• TASK TO CARRY OUT: Exactly the lines from the one containing "Jacuzzi Suite Villa" to the last line of the records, inclusive, are to be transcribed; include no others.

(Caption-style text data)
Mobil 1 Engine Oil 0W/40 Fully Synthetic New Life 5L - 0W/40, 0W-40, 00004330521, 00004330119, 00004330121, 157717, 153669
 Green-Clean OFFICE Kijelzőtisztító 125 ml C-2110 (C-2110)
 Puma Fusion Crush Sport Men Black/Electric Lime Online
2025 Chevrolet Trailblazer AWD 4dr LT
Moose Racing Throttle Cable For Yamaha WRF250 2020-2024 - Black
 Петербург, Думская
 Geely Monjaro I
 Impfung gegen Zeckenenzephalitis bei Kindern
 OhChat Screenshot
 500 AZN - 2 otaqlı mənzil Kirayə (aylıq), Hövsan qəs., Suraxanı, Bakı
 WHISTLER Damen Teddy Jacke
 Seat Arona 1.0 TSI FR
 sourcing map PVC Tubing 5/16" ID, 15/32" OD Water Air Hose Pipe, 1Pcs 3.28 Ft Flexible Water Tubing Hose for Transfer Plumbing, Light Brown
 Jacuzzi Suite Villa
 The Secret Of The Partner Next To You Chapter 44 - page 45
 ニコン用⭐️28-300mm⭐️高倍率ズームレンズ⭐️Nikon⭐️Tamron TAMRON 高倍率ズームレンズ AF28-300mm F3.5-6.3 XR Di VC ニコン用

• EXERCISE OUTPUT:
 Jacuzzi Suite Villa
 The Secret Of The Partner Next To You Chapter 44 - page 45
 ニコン用⭐️28-300mm⭐️高倍率ズームレンズ⭐️Nikon⭐️Tamron TAMRON 高倍率ズームレンズ AF28-300mm F3.5-6.3 XR Di VC ニコン用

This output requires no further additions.